Les plateaux de télévision mettent en scène à plus de 60% l’action des forces de l’ordre, et près de 80% ont une vision alarmiste ou spectaculaire.

« Les médias ne font pas l’opinion » : il n’empêche que le discours dominant contribue à aligner vers le bas des termes comme banlieue, à diffuser des clichés (délinquants de plus en plus jeunes et violents, ce qui est statistiquement faux) et consacrent des discours, ceux des hommes politiques, renforçant la logique d’auto- alimentation entre médias et politiques. De plus le monde médiatique semble devancer le monde académique car la recherche sur le crime est une discipline très peu définie et dépendante de ces bailleurs de fonds (jusqu’en 1990 le ministère de la justice puis le ministère de l’intérieur).

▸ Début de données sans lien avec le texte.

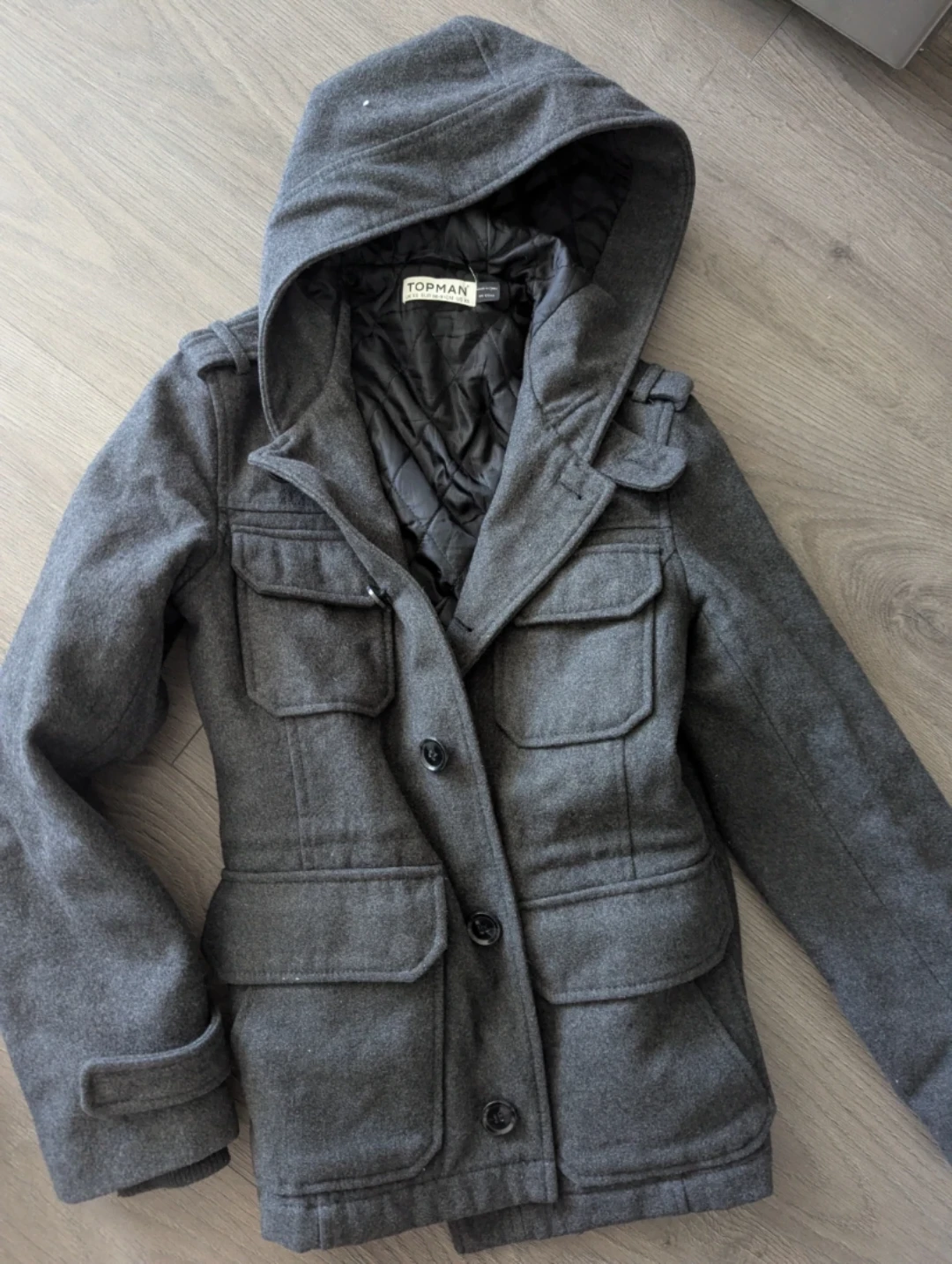 Topman Grey Hooded Wool Blend Jacket Men's - XS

Le mouvement de construction symbolique a des effets sur le local. L’école par exemple ne reste pas en dehors de la reformulation de nouvelles consignes : désormais on n’exige avant toute autre chose qu’elle scolarise et non enseigne car l’important c’est de « ne pas être dehors ». Il en est de même pour la justice marquée par le triptyque accélération (traitement rapide de la délinquance dans son organisation), durcissement et extension (fraude dans les transports, violences scolaires légères, occupation d’immeubles). La police voit aussi ses missions reformulées. Dans les situations difficiles comme l’occupation de cages d’escalier les policiers intervenants sont souvent ceux qui viennent de sortir de leur formation et venant de province. Il se produit alors une « rivalité mimétique » avec les bandes de jeunes (« toi il y a marqué Lacoste, moi il y a marqué Police »). Pour remédier à cela l'État instaure en 1998 une police de proximité, basée sur une meilleure connaissance des populations et réduisant ainsi les effectifs nécessaires.

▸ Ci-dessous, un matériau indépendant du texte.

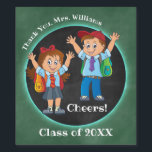 Cartoon Chalkboard Teacher Thank You Wine Label<br><div class="desc">A cute wine label featuring two cartoon kids on a chalkboard and blackboard background. Great to wine down after a busy school year and a beautiful gift for a teacher.</div>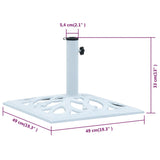 Umbrella Base White 26.5 lbs 19.3" Cast Iron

Enfin on a constaté une militarisation de l’intervention policière, notamment par l’utilisation du Flash Ball ou du Taiser.

* * *

En une trentaine d’années se construit une nouvelle manière de voir l’insécurité. Ce changement n’est pas l’œuvre d’un seul mais se fait selon une logique basée sur des préoccupations hétérogènes qui vont trouver dans la thématique de l’insécurité un cadre pour parler de la même chose. Pour Laurent Bonelli il s’agit d’une tentative désespérée pour rétablir une discipline sur une jeunesse populaire. « Je crains qu’on oublie des principes assez simples : la stabilité sociale est liée à la stabilité des existences ».